Stationary intensity distribution of single-mode laser driven by additive and multiplicative colored noises with colored cross-correlation

Applying the approximate Fokker-Planck equation we derived, we obtain the analytic expression of the stationary laser intensity distribution P-st(I) by studying the single-mode laser cubic model subject to colored cross-correlation additive and multiplicative noise, each of which is colored. Based on it, we discuss the effects on the stationary laser intensity distribution P-st(I) by cross-correlation between noises and "color" of noises (non-Markovian effect) when the laser system is above the threshold.
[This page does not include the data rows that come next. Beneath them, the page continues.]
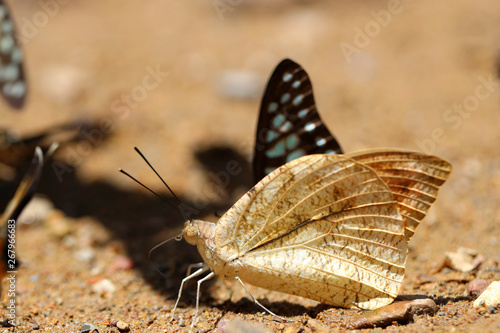 Butterflies following a series of natural Ban Krang Camp. Phetchaburi  Thailand
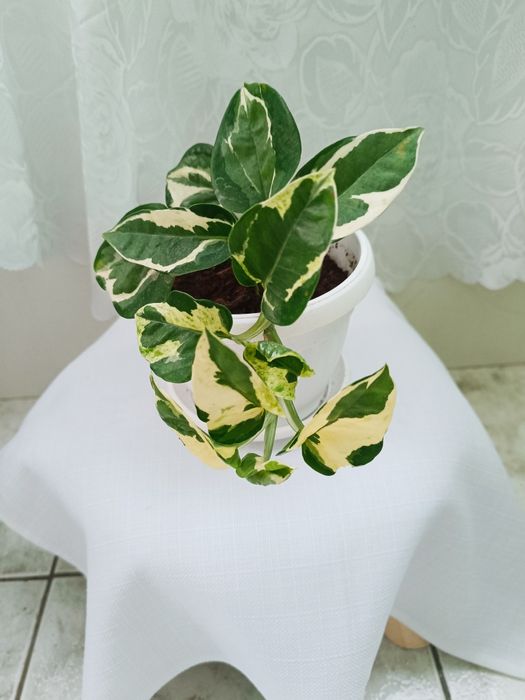 Стайни и балконски цветя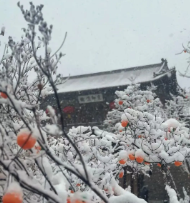 你在北方看3月的雪，我在福鼎……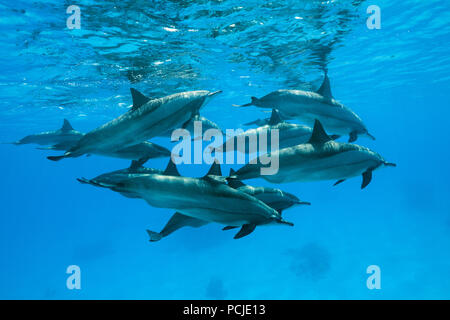 A pod of pregnant female dolphins swim under surface of the blue water. Spinner Dolphins (Stenella longirostris) Stock Photo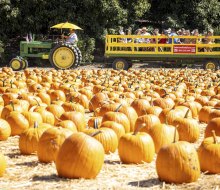 Photo courtesy of Underwood Family Farms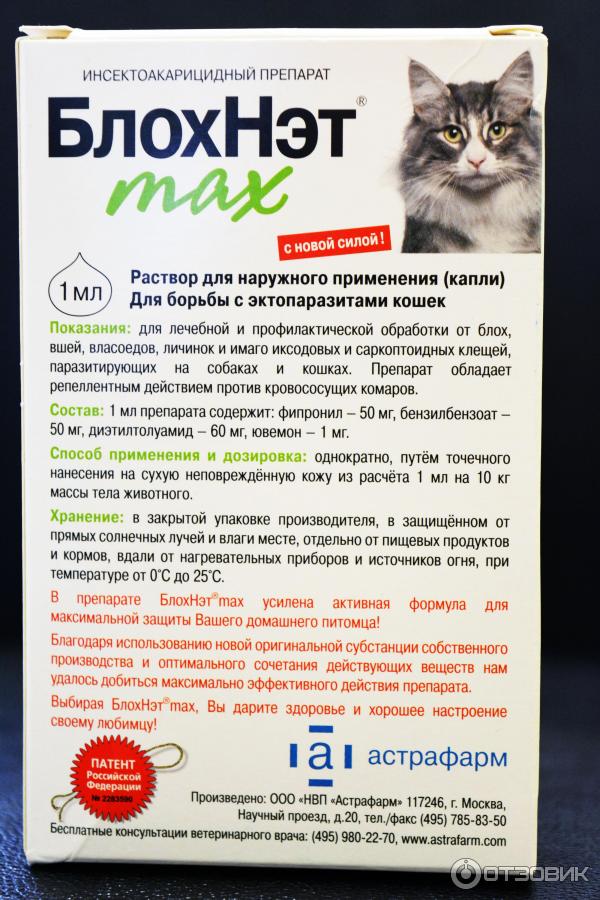 Куда Капать От Блох Кошке Фото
In detail, we analyze two cases: One is that the three correlation-times (i.e. the self-correlation and cross-correlation times of the additive and multiplicative noise) are chosen to be the same value (tau(1) = tau(2) = tau(3) = tau). For this case, the effect of noise cross-correlation is investigated emphatically, and we detect that only when lambda not equal 0 can the noise-induced transition occur in the P-st(I) curve, and only when tau not equal 0 and lambda not equal 0, can the "reentrant noise-induced transition" occur. The other case is that the three correlation times are not the same value, tau(1not equal) tau2 not equal tau3. For this case, we find that the noise-induced transition occurring in the P-st(I) curve is entirely different when the values of tau(1), tau(2), and tau(3) are changed respectively. In particular, when tau(2) (self-correlation time of additive noise) is changing, the ratio of the two maximums of the P-st(I) curve R exhibits an interesting phenomenon, "reentrant noise-induced transition", which demonstrates the effect of noise "color" (non-Markovian effect).